As a reminder, the goal of Energy Sound Bites is to distill key facts and insights about energy, environmental, and climate issues into a form—100 characters or less—that’s short enough to remember and repeat whenever you need them.


The climate positives of fossil fuels far outweigh the climate negatives

  • When looking at the climate effects of fossil fuels, we must look at both negatives and positives.

    • We can’t just look at how warming increases heat waves, we also must look at lives saved from cold.
  • Fossil fuels’ biggest climate positive is the ability to master climate danger.

    • Fossil fueled cooling allows us to dramatically reduce danger from heat.
    • Fossil fueled heating allows us to dramatically reduce danger from cold.
    • Fossil fueled irrigation allows us to dramatically reduce danger from drought.
    • Fossil fueled evacuation systems allow us to dramatically reduce danger from storms.
  • By powering climate mastery fossil fuels can actually neutralize many of their climate challenges.

    • If fossil fuels increased drought 10% they could overwhelm that via irrigation and crop transport.
  • Fossil fueled climate mastery has easily overwhelmed any climate challenges so far.

    • Fossil fueled climate mastery has helped us become safer than ever from climate.
    • The climate death rate is 98% less than it was 100 years ago.1 Atmospheric CO2 vs Climate Related Disaster Deaths
    • The drought death rate is 99% less than it was 100 years ago.2 Atmospheric CO2 vs Death Rate from Drought
    • Climate has warmed about 1° C, a mild and manageable amount, over the last 170 years.3 Central Park Temperature Range
    • Other climate effects are hard to discern, but in any case they are overwhelmed by mastery.

      • At 2°C warming, hurricanes are expected to be less frequent and between 1-10% more intense.4 Tropical Cyclone Intensities
      • Fire danger, which depends mainly on mastery, is down from 20 years ago and far down than 100 years ago.5
      • GDP-adjusted climate-related damages are flat despite many incentives for them to go up.6 Global Insured Catastrophic Losses vs GDP
  • Nothing in mainstream climate science suggests climate challenges we can’t master

    • Even though Earth has gotten ~1°C warmer, more people still die from cold than heat (even in India)!

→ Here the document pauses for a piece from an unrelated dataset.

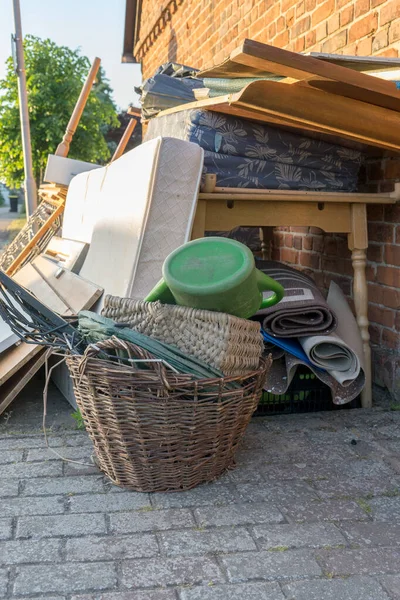 Tumpukan Sampah Besar Dengan Kasur Tempat Tidur Meja Dan Lemari — Stok Foto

      • While we’re taught to fear heat-related death, cold-related death is a far bigger problem.
      • More people die of cold than of heat on every continent.
      • Near-term warming is expected to decrease temperature-related mortality.7 Heat and Cold Related Deaths
    • Warming from CO2 is concentrated in the coldest parts of the world during the coldest times.

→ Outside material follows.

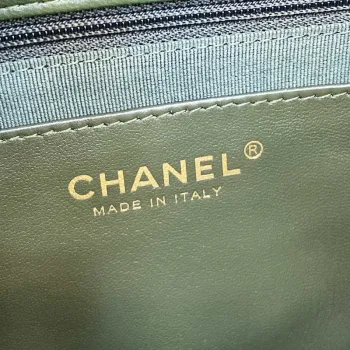 Chanel AS3609 Flap Bag Lambskin Lambskin & Gold Tone Metal Green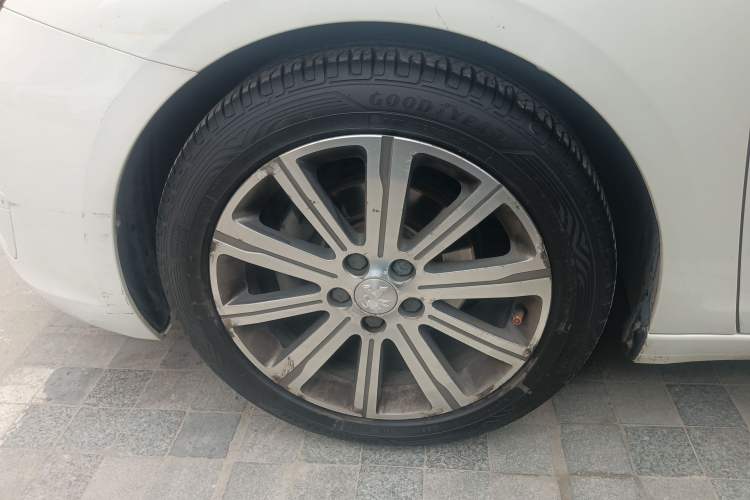 Used Peugeot 408 2014 1.8L Automatic Luxury Edition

      • While we’re taught to think of warming as “global,” in fact it is concentrated in colder places.
      • Mainstream climate science says warming will be concentrated in colder places (Northern latitudes).
      • Mainstream climate science says warming will be concentrated at colder times (nighttime).
      • Mainstream climate science says warming will be concentrated during colder seasons (winter).8 Global Temperature Anomolies 2000-2009
  • Rising CO2 leads to diminishing warming.

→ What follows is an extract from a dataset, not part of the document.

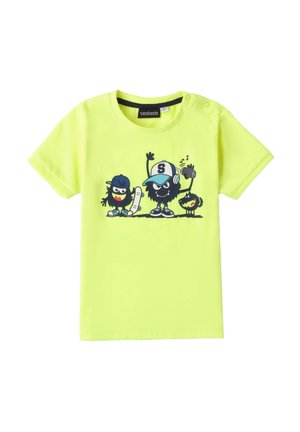 Camiseta de algodón de color amarillo neón brillante con una impresión gráfica de tres personajes de dibujos animados, uno con auriculares y una gorra de béisbol.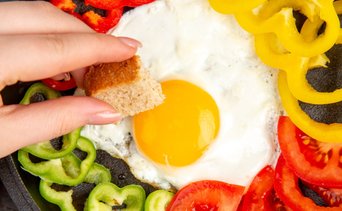 Revelan el secreto para comer muchos huevos sin subir el colesterol: lo explica científico de Harvard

    • While we’re taught warming will accelerate as CO2 levels rise, this contradicts mainstream science.
    • The “greenhouse effect” of CO2 is a diminishing effect, with additional CO2 leading to less warming.
    • Even the UN’s most extreme scenarios show warming leveling off as CO2 levels rise.9
  • The IPCC projects impacts from warming that would be masterable with fossil fuels.

    • The UN IPCC is a catastrophizing organization—but even it projects masterable warming impacts.
    • The most plausible danger is rising sea levels, but extreme UN projections are just 3 ft / 100 yrs.10 Global Mean Sea Level Change Relative to 1900
    • We already have 100 million people living below high-tide sea level.11
  • If we destroy the freedom to use fossil fuels, climate danger will get worse along with everything else.

    • With “net zero,” climate danger of all types will dramatically increase.
    • With “net zero,” CO2 levels will rise more slowly, but billions of lives will be ruined.
  • If we protect all energy freedom everything will get better, including climate mastery, and we’ll innovate alternatives faster.

    • With energy freedom, we’ll get better at mastering climate danger, natural or manmade.
    • With energy freedom, CO2 levels will rise but life will continue to get better and better.
    • With energy freedom, the rate at which alternatives are cost-competitive will accelerate.
    • Thus, energy freedom is the only moral and practical way to reduce CO2 emissions long term.

Michelle Hung contributed to this piece.

References


  1. UC San Diego - The Keeling Curve

    For every million people on earth, annual deaths from climate-related causes (extreme temperature, drought, flood, storms, wildfires) declined 98%--from an average of 247 per year during the 1920s to 2.5 per year during the 2010s.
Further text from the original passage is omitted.